* What is expected: Beginning at the line that holds "Musician Musical Instrument", copy the material below exactly through its last line.

* Records supplied:
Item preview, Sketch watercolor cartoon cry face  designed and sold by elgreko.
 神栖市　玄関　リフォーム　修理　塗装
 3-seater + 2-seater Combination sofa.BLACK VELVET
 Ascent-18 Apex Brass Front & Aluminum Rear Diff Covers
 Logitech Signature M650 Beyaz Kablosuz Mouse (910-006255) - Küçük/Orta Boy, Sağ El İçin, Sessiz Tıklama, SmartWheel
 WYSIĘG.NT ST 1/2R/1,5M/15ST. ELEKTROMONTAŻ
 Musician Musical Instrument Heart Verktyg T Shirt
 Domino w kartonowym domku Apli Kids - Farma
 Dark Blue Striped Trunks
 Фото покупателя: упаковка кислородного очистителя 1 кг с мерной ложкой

* Response to the task:
 Musician Musical Instrument Heart Verktyg T Shirt
 Domino w kartonowym domku Apli Kids - Farma
 Dark Blue Striped Trunks
 Фото покупателя: упаковка кислородного очистителя 1 кг с мерной ложкой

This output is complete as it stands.